While extended RAC using SnapMirror active sync is a symmetric architecture with respect to IO, there is one exception that is connected to split-brain management.

What happens if the replication link is lost and neither site has quorum? What should happen? This question applies to both the Oracle RAC and the ONTAP behavior. If changes cannot be replicated across sites, and you want to resume operations, one of the sites will have to survive and the other site will have to become unavailable.

The ONTAP Mediator addresses this requirement at the ONTAP layer. There are multiple options for RAC tiebreaking.

Oracle tiebreakers

The best method to manage split-brain Oracle RAC risks is to use an odd number of RAC nodes, preferably by use of a 3rd site tiebreaker. If a 3rd site is unavailable, the tiebreaker instance could be placed on one site of the two sites, effectively designating it a preferred survivor site.

Oracle and css_critical

With an even number of nodes, the default Oracle RAC behavior is that one of the nodes in the cluster will be deemed more important than the other nodes. The site with that higher priority node will survive site isolation while the nodes on the other site will evict.

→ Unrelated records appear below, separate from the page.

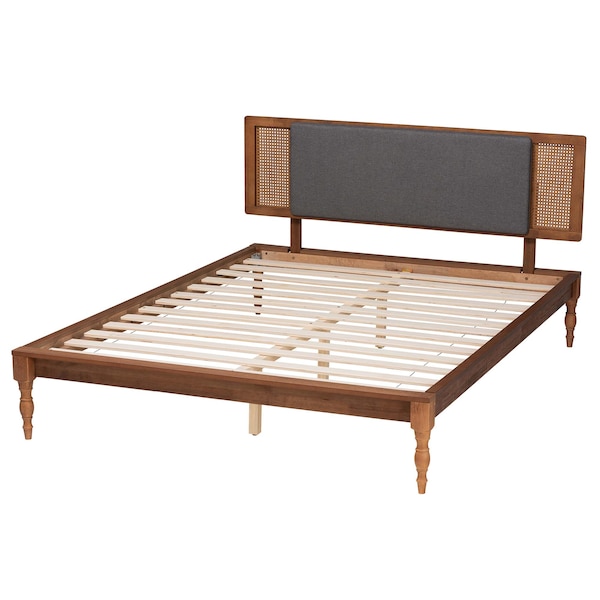 Baxton Studio Eliseo Mid-Century Modern Dark Grey Fabric and Walnut Brown Finished Wood Full Size Platform Bed - 239-12635-9818-ZORO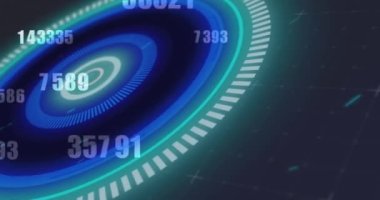 Kapsam taramasının animasyonu ve arka plandaki ızgara üzerinde değişen numaralar. Dijital arayüz küresel bağlantı ve dijital olarak oluşturulan iletişim konsepti.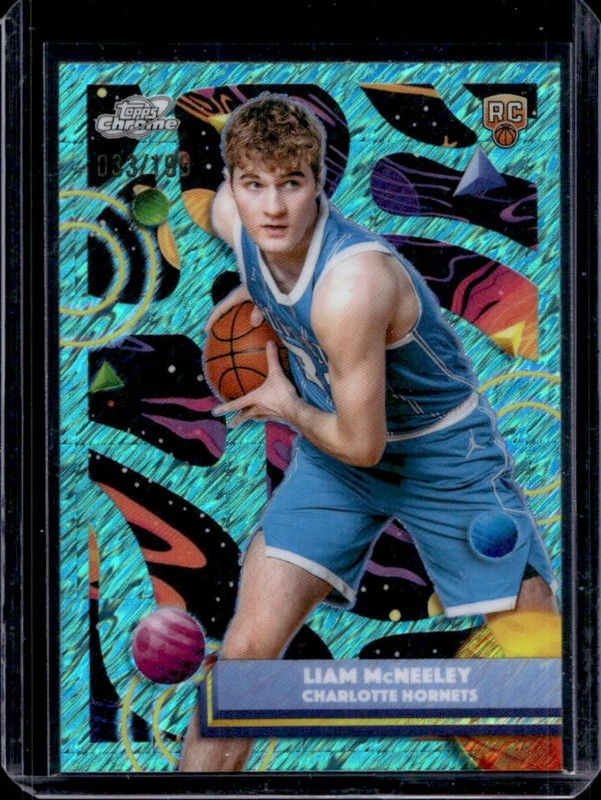 2025-26 Topps Cosmic Chrome Liam McNeeley RC Aqua Equinox Refractor #/199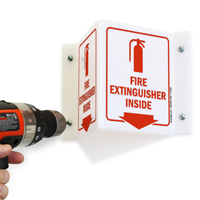 Projecting Fire Extinguisher Sign: Inside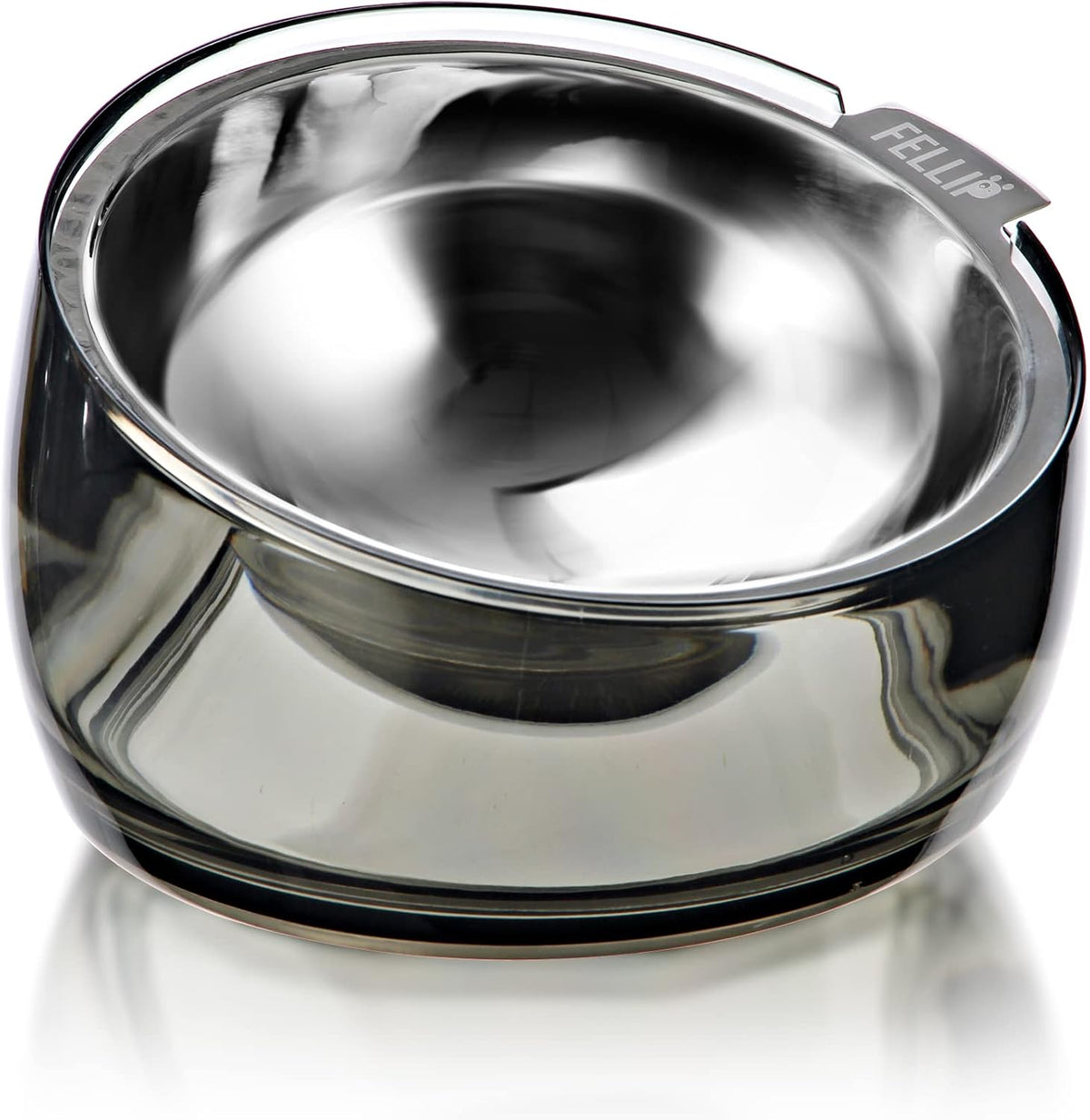 Felli Pet Oblik Acrylic Raised Dog Food Water Bowl Stainless Steel Slanted Oval Dish for Short Leg Puppy & Small Medium Pet, Elevated Tilted Metal Feeder (Smoky, 1.5 Cups Oval Dish) 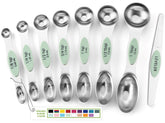Spring Chef cucharas medidoras magnéticas de 8 piezas con nivelador para precisión en recetas.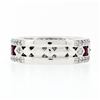 Image 7 : 18k White Gold 1.50 ctw Pave Round Brilliant Diamond & Blood Red Ruby Band Ring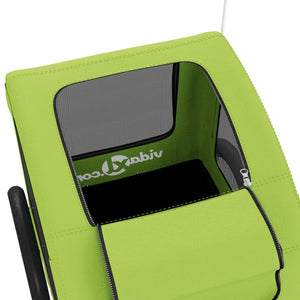 Cykelvagn för djur grön oxfordtyg och järn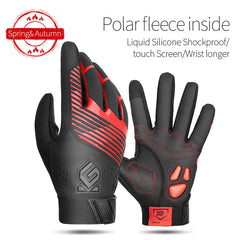 CoolChange Windproof Cycling Gloves Full Finger Sport Riding MTB Bike Gloves Touch Screen Winter Autumn Bicycle Gloves Man Woman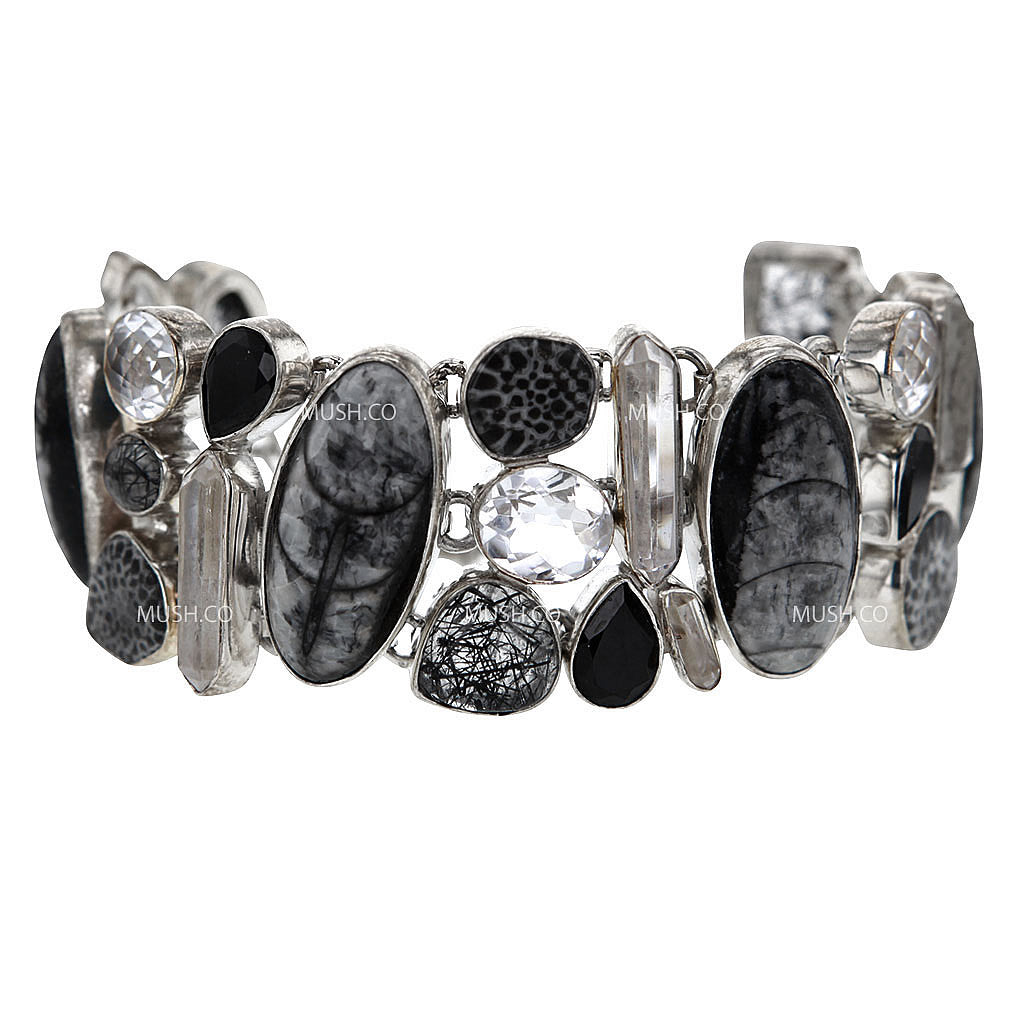 Trilobite Rutile Quartz and Obsidian Sterling Silver Cuff Link Bracelet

The prioritization is based on multiple factors, but you can also control this behavior using the css_critical setting.

In the example architecture, the hostnames for the RAC nodes are jfs12 and jfs13. The current settings for css_critical are as follows:

[root@jfs12 ~]# /grid/bin/crsctl get server css_critical
CRS-5092: Current value of the server attribute CSS_CRITICAL is no.

[root@jfs13 trace]# /grid/bin/crsctl get server css_critical
CRS-5092: Current value of the server attribute CSS_CRITICAL is no.

If you want the site with jfs12 to be the preferred site, change this value to yes on a site A node and restart services.

[root@jfs12 ~]# /grid/bin/crsctl set server css_critical yes
CRS-4416: Server attribute 'CSS_CRITICAL' successfully changed. Restart Oracle High Availability Services for new value to take effect.

[root@jfs12 ~]# /grid/bin/crsctl stop crs
CRS-2791: Starting shutdown of Oracle High Availability Services-managed resources on 'jfs12'
CRS-2673: Attempting to stop 'ora.crsd' on 'jfs12'
CRS-2790: Starting shutdown of Cluster Ready Services-managed resources on server 'jfs12'
CRS-2673: Attempting to stop 'ora.ntap.ntappdb1.pdb' on 'jfs12'
…
CRS-2673: Attempting to stop 'ora.gipcd' on 'jfs12'
CRS-2677: Stop of 'ora.gipcd' on 'jfs12' succeeded
CRS-2793: Shutdown of Oracle High Availability Services-managed resources on 'jfs12' has completed
CRS-4133: Oracle High Availability Services has been stopped.

[root@jfs12 ~]# /grid/bin/crsctl start crs
CRS-4123: Oracle High Availability Services has been started.